Today, the high cost of college is forcing many students to leave school with mountains of debt—and no degree.

Sara Goldrick-Rab, a national scholar on college access and affordability, will address this issue in a live broadcast at 1 p.m. PDT on November 1 at a REL Northwest event. She will also discuss possible solutions for making college access and attainment a reality for low-income students.

Sara Goldrick-Rab on College Access and Affordability
Wednesday, November 1, 2017
Facebook Live Broadcast: 1 p.m. PT/4 p.m. ET

Sign Up Today!

Four Approaches to Assigning Costs to Central Levels vs. School Levels When Calculating Per-Pupil Expenditures

The Building State Capacity and Productivity Center (BSCP Center) released a resource on the various approaches a state may consider when assigning expenditures to the school level or the central level, which is one of the most challenging decisions states will make when working toward meeting ESSA’s financial transparency requirement. Embedded within the paper are short case studies, including a podcast interview with Donna Nester from Mississippi's Office of School Financial Services and a slideshow detailing Rhode Island's chart of accounts.

Ann Arbor, Michigan: Focusing on Achievement Gaps

The Center on School Turnaround released a report providing an example of how one district has—by strengthening leadership, providing better student support, and implementing effective instructional and data practices—decreased achievement gaps among students. It begins with an introduction of the context, followed by a description of the district’s improvement process. The brief concludes with an analysis of the district’s impact and a discussion on how to sustain the results.

High-Leverage Principles of Effective Instruction for English Learners

The Center on Standards & Assessment Implementation (CSAI) released a resource to provide teachers of EL students with effective, high-leverage learning and teaching principles that can be incorporated into daily instructional plans and routines.
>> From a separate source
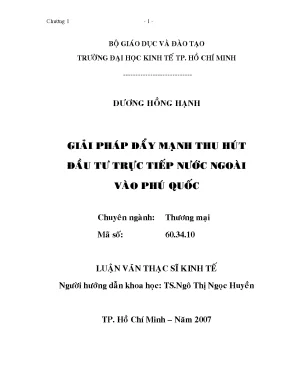 Luận văn: Giải pháp thu hút vốn FDI vào Phú Quốc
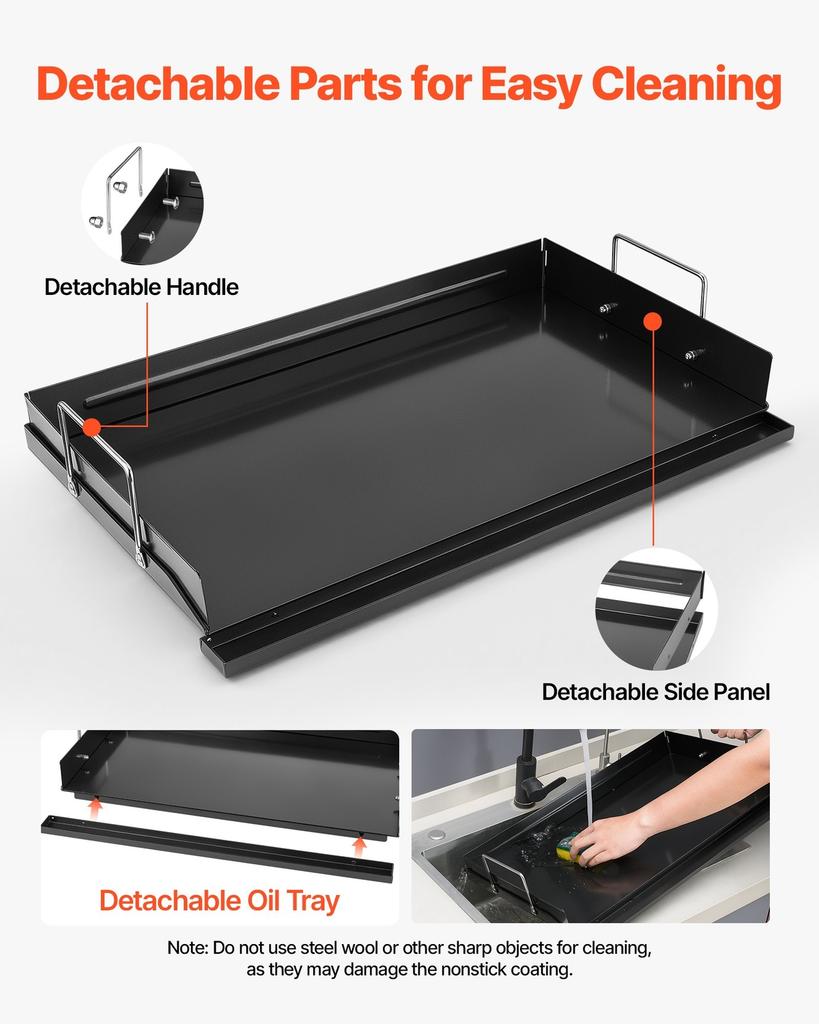 Carbon Steel Griddle 63x41 cm Flat Top Pre-Seasoned Plate Handle, for BBQ Eggs Burger, Even Heat Distribution, Non-Stick Portable Rectangular Family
Instruction that addresses EL students’ needs should include five key considerations:

  • Determine and address the academic language demands of the lesson;
  • Build upon students’ background knowledge;
  • Design and scaffold deeper learning tasks that integrate listening, speaking, reading, and writing domains;
  • Provide opportunities for student participation through extended oral discourse and structured collaboration; and
  • Use formative assessment to support both language development and content goals.

The high-leverage principles for EL instruction presented in this resource are based on relevant research and most up-to-date literature on effective instruction. Each principle is accompanied by examples that illustrate its use. The resource concludes with an annotated classroom vignette that highlights the principles in action.
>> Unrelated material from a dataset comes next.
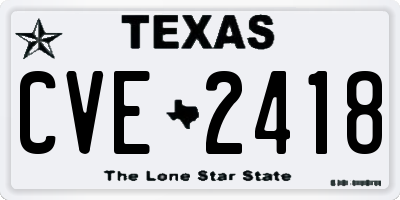 TX license plate CVE2418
Dual Language Learners: A National Demographic and Policy Profile

The Migration Policy Institute released a set of fact sheets comparing key characteristics of Dual Language Learners (DLLs) and their peers nationwide and in 30 states and identifies state policies that support equitable access to high-quality early childhood education and care programs.

2017 State Policy Review: School and District Leadership

The Education Commission of the States released a report providing context and examples of new legislation impacting preparation, certification, induction, professional development, evaluation, and compensation for leaders of schools and districts.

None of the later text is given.